Tuning into local sports talk the day after the Pittsburgh Steelers dropped to 0-3 for the first time in 27 years, I expected to hear plenty of complaints. Ben Roethlisberger making like Santa and gift-wrapping touchdowns to our opponents. The running game failing to produce a 100 yard rusher for the 85th straight week. A defense which hasn’t forced a turnover since Dick LeBeau‘s hair was chestnut brown.
And what was one of the burning topics on the minds of yinzers?
Mila Kunis allegedly photobombing Dan Rooney.
The gossip-mongers over Deadspin evidently got ahold of a photo caught by a Chicago newspaper of Kunis appearing to mock the Steelers’ owner while her dipshit boyfriend Ashton Kutcher caught it on his iPhone.

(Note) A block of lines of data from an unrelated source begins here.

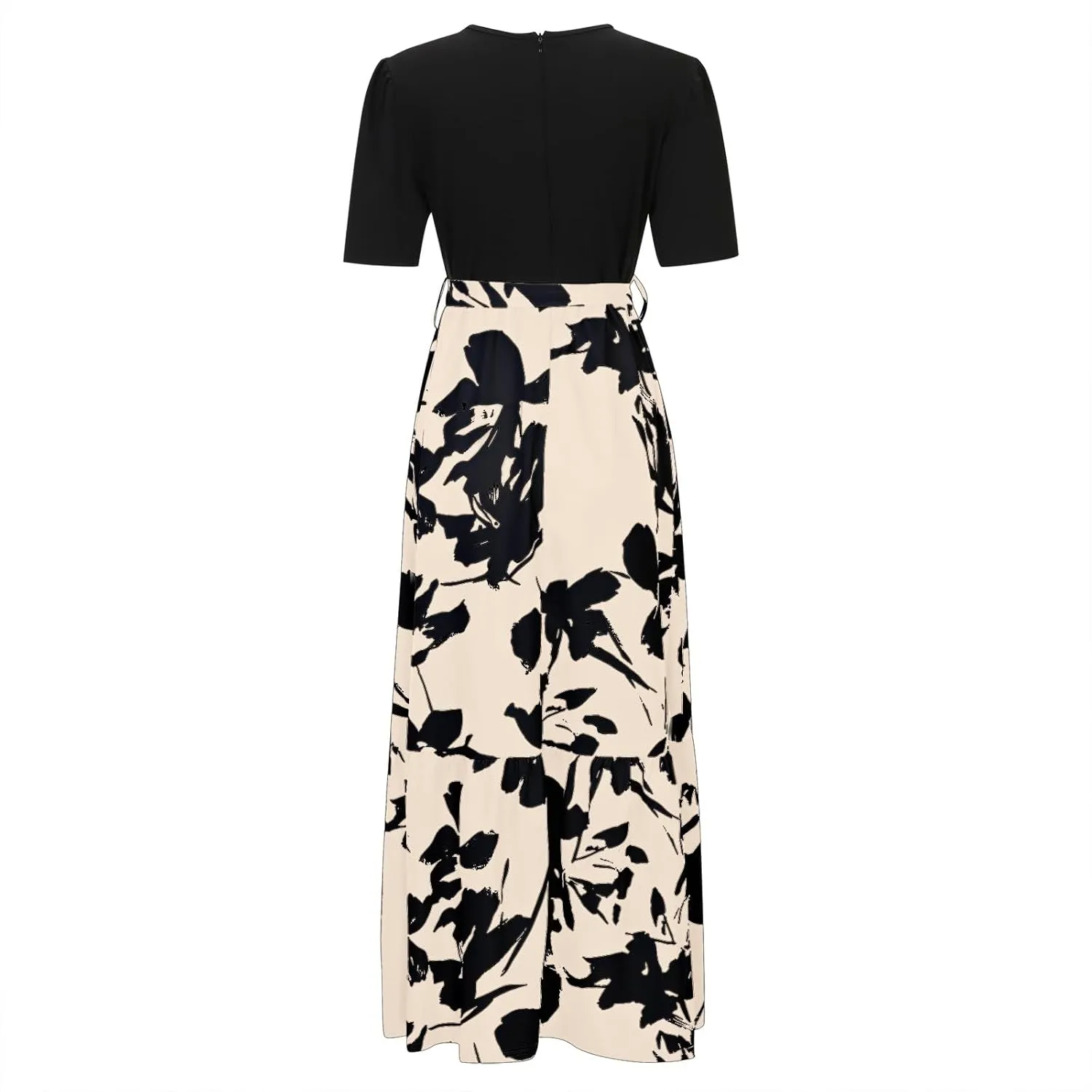 Womens Dresses for Wedding Guest Crewneck Belted Floral Colorblock Long Dresses Elegant Church Ruffle Beach Vacation Sundress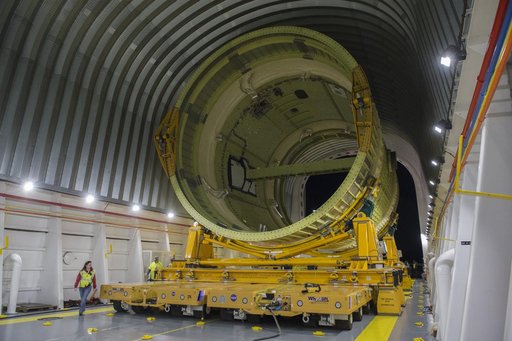 The SLS Stages Intertank Structural Test Assembly (STA) arrives at MSFC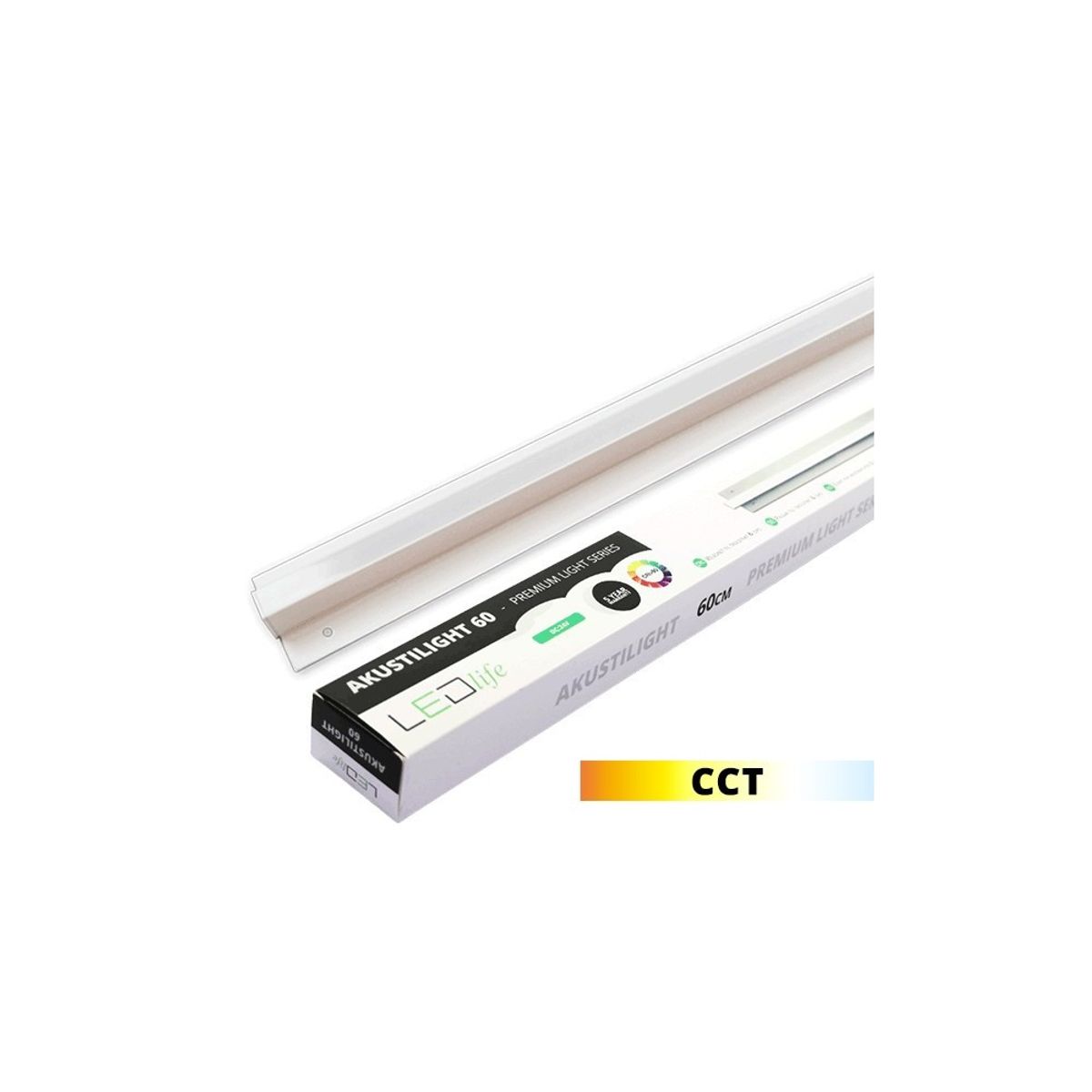 LED Troldtekt Skinne 90 cm, CCT - 27W, Akustilight, Planforsænket, 24V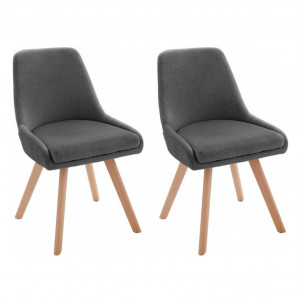 Set de 2 scaune Rudi, tesatura/lemn masiv de stejar, gri/maro, 50 x 58 x 82 cm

What, left your EOS Rebel at home, Kelso? This seeming act of disrespect infuriated Steeler Nation to the point every third call was about what jerks these Hollywood types are.
Now, I may be biased since Kunis is an insanely hot chick with poor taste in men but I tend to think people are making a mountain out of a molehill. Looking at the picture, I don’t think she’s mimicking Mr. Rooney’s hunched over gait. It looks like she’s just trying to photobomb him and the only way she can get her face in the vicinity of his head is by leaning over his shoulder. No harm, no foul.
That is if he was even being photobombed in the first place. Considering his condition and being 81 years of age, I’m sure Mr. Rooney walks at a Redman-esque pace but it still seems weird to try and snap a photo of a moving target. There’s a very real chance they asked him to pose for a pic and he went along with the gag. It’s not like Mr. Rooney hasn’t displayed a sense of humor before – most notably when he agreed to pose for a Swaggin’ pic with Ike Taylor.
If there’s anything upsetting about Kunis picture (other than the fact she’s dating a douchenozzle like Ashton) it’s that Dan Rooney has at some point turned into the old guy from the movie UP.
Which I guess makes Art Rooney II the dog with the electronic voice box. After the debacle which this season has quickly become can we put the Deuce in a Cone of Shame?